> **What the task asks**
Using the data below, return the stretch from the line that contains "MOTOCROSS, wear your extreme sport Tote" through the line that contains "Mario World Puzzle", both included, exactly as it stands and nothing beyond it.

#### Records for the exercise ####

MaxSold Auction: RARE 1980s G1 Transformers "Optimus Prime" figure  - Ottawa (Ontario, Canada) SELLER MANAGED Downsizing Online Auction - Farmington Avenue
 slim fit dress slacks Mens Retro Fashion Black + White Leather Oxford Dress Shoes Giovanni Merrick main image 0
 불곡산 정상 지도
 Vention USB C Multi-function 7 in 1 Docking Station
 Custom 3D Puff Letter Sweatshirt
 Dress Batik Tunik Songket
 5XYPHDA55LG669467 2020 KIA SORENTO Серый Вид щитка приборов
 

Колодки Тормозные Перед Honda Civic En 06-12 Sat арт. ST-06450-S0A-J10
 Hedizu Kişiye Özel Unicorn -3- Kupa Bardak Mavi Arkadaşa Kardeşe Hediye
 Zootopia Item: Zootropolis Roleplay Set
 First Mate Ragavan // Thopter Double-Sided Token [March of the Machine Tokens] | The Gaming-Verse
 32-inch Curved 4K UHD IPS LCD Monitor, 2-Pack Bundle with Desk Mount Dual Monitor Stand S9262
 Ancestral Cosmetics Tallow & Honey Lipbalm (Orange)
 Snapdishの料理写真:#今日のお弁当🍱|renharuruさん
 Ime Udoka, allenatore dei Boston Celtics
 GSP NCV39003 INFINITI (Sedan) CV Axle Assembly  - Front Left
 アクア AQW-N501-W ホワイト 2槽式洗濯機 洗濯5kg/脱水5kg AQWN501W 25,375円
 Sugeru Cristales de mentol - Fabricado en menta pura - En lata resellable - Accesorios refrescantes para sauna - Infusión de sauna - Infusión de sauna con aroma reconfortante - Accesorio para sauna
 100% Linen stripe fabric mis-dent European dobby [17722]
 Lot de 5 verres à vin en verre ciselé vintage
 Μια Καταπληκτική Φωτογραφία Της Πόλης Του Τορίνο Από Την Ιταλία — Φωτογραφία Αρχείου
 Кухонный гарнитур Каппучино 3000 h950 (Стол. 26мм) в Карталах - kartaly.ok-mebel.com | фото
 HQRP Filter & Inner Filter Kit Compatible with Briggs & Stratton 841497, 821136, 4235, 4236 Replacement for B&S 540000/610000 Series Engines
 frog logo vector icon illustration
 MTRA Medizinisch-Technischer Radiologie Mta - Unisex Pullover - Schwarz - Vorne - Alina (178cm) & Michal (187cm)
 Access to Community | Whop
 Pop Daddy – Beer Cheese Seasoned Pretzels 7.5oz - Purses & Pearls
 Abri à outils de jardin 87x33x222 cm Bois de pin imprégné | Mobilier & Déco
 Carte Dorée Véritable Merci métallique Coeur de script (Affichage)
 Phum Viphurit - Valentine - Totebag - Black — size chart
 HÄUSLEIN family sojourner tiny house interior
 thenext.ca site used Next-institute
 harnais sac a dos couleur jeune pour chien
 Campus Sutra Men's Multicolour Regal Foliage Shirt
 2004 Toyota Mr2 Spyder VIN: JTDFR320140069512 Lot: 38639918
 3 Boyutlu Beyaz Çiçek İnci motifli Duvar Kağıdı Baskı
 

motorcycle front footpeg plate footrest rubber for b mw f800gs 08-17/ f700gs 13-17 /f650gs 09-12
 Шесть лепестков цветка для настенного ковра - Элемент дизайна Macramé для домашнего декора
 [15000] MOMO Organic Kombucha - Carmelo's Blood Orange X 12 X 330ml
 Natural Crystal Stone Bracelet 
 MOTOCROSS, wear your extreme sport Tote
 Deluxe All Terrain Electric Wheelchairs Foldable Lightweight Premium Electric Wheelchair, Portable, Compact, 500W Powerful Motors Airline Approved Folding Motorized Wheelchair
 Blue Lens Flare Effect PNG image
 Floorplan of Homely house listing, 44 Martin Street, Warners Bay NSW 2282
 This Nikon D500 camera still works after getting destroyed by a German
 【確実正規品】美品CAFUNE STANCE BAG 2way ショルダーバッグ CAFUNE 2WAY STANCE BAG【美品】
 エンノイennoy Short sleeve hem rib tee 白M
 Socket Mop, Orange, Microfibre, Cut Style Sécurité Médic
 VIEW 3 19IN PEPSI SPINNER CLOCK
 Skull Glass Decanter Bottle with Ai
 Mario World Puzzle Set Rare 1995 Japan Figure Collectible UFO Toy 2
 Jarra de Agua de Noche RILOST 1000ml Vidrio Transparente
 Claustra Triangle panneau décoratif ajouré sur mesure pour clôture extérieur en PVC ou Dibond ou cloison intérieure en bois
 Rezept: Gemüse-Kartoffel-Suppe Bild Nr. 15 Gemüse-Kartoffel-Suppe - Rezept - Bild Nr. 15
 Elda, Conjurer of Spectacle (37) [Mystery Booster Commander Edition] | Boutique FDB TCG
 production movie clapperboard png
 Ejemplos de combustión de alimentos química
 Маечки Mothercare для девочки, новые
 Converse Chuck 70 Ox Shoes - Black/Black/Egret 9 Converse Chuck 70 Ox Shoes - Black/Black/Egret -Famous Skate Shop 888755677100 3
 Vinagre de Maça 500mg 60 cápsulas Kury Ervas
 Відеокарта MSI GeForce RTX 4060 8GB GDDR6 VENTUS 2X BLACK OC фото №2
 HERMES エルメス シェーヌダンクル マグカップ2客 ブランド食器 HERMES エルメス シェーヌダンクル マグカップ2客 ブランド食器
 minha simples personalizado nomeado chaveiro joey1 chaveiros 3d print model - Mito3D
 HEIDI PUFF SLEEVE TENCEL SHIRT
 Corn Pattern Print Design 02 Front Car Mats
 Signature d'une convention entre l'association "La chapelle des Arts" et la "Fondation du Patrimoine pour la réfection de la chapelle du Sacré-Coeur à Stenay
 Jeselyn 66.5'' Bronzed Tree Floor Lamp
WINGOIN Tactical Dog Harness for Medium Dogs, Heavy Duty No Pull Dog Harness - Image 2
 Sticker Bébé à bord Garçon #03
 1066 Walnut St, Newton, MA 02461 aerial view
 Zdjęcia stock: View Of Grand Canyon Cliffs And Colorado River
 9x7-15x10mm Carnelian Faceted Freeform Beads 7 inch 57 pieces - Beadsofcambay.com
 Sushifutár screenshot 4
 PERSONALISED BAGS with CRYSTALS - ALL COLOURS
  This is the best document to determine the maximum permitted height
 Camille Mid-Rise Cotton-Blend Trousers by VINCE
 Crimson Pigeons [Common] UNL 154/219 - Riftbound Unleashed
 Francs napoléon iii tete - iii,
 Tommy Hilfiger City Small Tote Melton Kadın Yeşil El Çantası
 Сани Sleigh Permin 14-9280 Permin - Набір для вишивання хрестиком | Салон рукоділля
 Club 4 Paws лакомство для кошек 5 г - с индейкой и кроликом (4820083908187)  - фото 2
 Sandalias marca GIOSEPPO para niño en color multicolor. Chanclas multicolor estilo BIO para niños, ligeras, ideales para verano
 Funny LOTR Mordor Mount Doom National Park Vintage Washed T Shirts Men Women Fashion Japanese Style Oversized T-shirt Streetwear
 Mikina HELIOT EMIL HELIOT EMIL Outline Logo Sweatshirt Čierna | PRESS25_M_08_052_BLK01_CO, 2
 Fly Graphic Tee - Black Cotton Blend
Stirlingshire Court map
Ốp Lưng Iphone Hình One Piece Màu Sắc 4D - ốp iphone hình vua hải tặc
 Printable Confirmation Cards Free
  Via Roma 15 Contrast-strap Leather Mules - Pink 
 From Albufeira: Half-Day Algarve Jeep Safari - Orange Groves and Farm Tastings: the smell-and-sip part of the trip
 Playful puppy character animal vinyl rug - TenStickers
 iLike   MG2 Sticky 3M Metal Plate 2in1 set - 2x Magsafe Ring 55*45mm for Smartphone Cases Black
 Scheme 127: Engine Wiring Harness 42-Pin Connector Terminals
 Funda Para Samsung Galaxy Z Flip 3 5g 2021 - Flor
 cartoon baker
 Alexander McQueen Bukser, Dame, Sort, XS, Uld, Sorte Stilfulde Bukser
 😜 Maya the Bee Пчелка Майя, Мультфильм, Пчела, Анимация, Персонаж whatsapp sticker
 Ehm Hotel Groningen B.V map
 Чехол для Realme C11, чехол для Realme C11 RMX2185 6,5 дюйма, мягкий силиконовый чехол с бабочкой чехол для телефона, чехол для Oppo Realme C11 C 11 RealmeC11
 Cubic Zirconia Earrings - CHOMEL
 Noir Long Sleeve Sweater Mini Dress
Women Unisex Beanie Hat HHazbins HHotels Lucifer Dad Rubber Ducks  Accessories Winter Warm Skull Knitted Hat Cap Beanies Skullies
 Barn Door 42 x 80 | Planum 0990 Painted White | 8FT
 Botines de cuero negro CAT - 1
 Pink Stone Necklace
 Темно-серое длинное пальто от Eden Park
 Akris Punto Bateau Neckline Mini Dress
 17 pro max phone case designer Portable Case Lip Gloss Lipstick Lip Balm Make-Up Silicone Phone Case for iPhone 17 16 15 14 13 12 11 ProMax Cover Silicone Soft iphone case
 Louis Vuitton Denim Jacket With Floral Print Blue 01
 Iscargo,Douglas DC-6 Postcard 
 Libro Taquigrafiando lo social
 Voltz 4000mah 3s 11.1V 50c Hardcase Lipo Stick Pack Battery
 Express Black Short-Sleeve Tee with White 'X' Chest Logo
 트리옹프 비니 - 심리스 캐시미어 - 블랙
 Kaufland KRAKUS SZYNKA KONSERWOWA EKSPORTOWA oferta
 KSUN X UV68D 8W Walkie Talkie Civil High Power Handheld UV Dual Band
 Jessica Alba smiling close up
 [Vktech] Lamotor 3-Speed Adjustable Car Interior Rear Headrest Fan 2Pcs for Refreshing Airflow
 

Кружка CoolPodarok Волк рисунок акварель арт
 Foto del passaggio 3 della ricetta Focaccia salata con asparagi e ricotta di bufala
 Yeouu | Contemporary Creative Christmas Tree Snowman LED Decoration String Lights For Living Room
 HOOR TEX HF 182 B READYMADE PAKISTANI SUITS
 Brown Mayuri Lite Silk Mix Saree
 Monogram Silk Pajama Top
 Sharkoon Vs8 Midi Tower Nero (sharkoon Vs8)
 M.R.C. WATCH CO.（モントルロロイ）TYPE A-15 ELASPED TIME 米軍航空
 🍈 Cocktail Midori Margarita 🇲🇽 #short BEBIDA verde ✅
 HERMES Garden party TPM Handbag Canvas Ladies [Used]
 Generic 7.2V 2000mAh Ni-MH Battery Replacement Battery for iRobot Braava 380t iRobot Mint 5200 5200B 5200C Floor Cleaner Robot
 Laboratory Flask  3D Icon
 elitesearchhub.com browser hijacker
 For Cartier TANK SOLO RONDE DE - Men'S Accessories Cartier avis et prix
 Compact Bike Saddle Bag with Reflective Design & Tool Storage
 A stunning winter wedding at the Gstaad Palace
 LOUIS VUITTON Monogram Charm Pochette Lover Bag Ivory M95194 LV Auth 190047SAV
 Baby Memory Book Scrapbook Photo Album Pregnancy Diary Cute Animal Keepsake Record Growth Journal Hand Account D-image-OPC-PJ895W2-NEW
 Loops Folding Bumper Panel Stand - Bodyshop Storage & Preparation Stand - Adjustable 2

####

> **Result of this task**
 MOTOCROSS, wear your extreme sport Tote
 Deluxe All Terrain Electric Wheelchairs Foldable Lightweight Premium Electric Wheelchair, Portable, Compact, 500W Powerful Motors Airline Approved Folding Motorized Wheelchair
 Blue Lens Flare Effect PNG image
 Floorplan of Homely house listing, 44 Martin Street, Warners Bay NSW 2282
 This Nikon D500 camera still works after getting destroyed by a German
 【確実正規品】美品CAFUNE STANCE BAG 2way ショルダーバッグ CAFUNE 2WAY STANCE BAG【美品】
 エンノイennoy Short sleeve hem rib tee 白M
 Socket Mop, Orange, Microfibre, Cut Style Sécurité Médic
 VIEW 3 19IN PEPSI SPINNER CLOCK
 Skull Glass Decanter Bottle with Ai
 Mario World Puzzle Set Rare 1995 Japan Figure Collectible UFO Toy 2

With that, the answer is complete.